Rozdział III „WSZYSTKO SIĘ ZMIENI"

2.5K 125 54
                                    


HAWKINS, INDIANA 1986

Głuchy dźwięk czajnika zakłócił mój nocny maraton horrorów. Wzdycham ciężko i zatrzymuje film „Koszmar z ulicy Wiązów", który kiedyś wypożyczył mi Eddie. Zakładam stare zniszczone kapcie w kształcie królika i ruszam w stronę kuchni, aby zalać sobie zieloną herbatę.

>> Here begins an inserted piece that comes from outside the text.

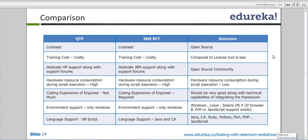Language support is very much restricted for QTP — you should know only VBScript. For IBM RFT you should know Java and C# and JavaScript. But with Selenium you can come from any background. So this picture gives you a very clear concept — why Selenium?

Gdy już jestem w kuchni, czekam aż herbata się zaparzy i rozciągam kości, które zdążyły mi zesztywnieć podczas długiego leżakowania w sypialnie. Unoszę kawałek jasnoszarej rolety i zerkam w kierunku ulicy, gdzie codziennie od pięciu dni przesiaduje Steve. Siedzi przez kilka godzin dziennie pod moim domem, a potem wraca do siebie. Od naszej ostaniej rozmowy w ogóle nie rozmawialiśmy w zasadzie, to nie rozmawiałam z nikim oprócz Eddiego, który został osadzony o morderstwo, którego nie popełnił. Skontaktował się ze mną za pomocą krótkofalówki i nasza rozmowa trwała dosłownie paręnaście sekund, ale nic nie mogło polepszyć mi humoru, jak jego głos i usłyszenie słów, że nic mu nie jest.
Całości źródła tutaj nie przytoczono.